━━━ Given records ━━━
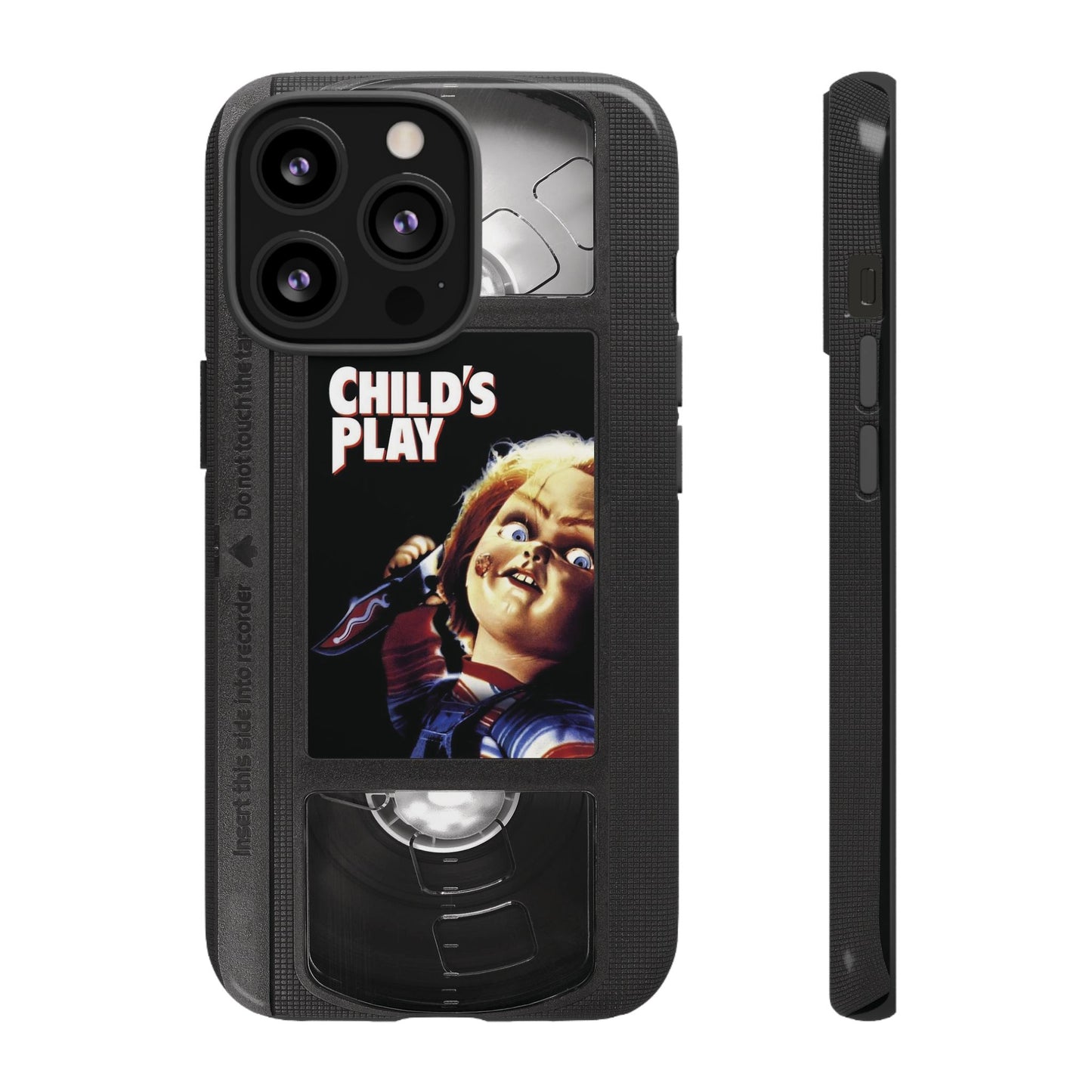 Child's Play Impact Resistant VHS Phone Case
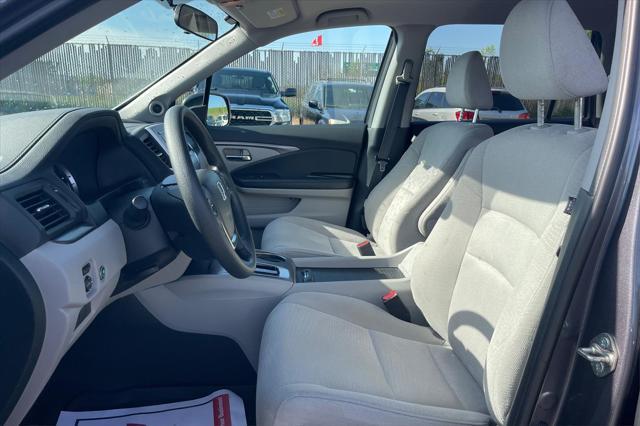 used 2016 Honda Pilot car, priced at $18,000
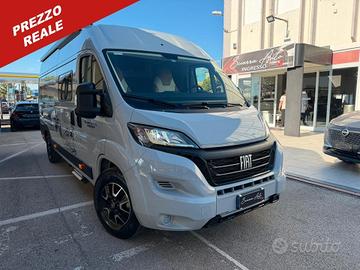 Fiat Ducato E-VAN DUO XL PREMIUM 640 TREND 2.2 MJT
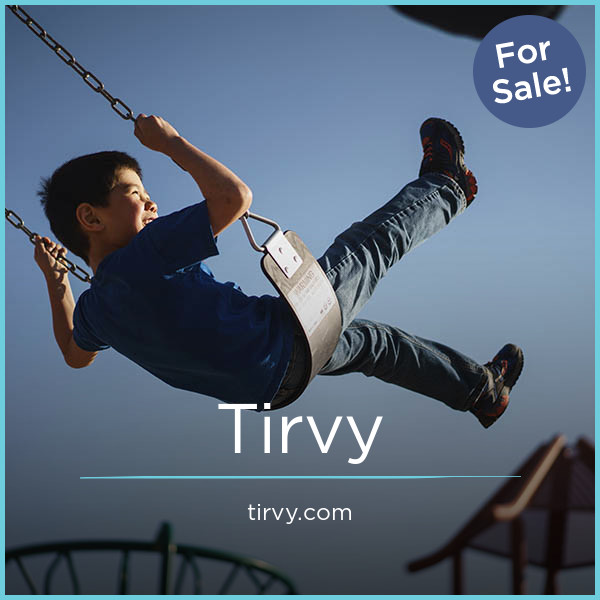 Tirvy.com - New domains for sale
━━━
━━━ Given records ━━━
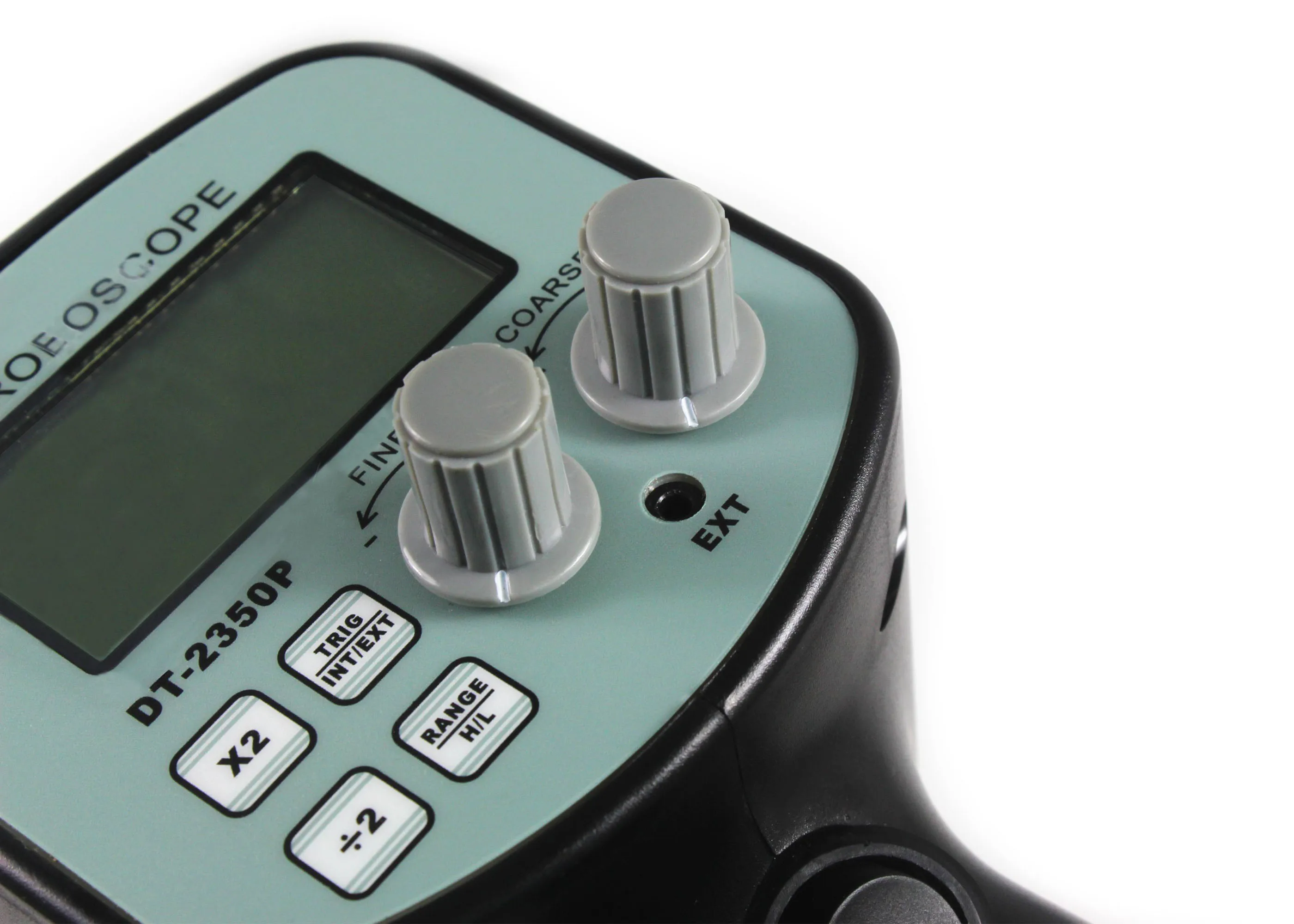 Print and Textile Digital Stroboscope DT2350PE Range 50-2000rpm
━━━
- [What the exercise asks]:
From the records above, transcribe exactly the lines starting at the one containing "used 2016 Honda Pilot car, priced at $18,000" and ending at the one containing "Tirvy.com - New domains for sale". Skip the pictures.

- [Solution to this task]:
 used 2016 Honda Pilot car, priced at $18,000
 Fiat Ducato E-VAN DUO XL PREMIUM 640 TREND 2.2 MJT
 Tirvy.com - New domains for sale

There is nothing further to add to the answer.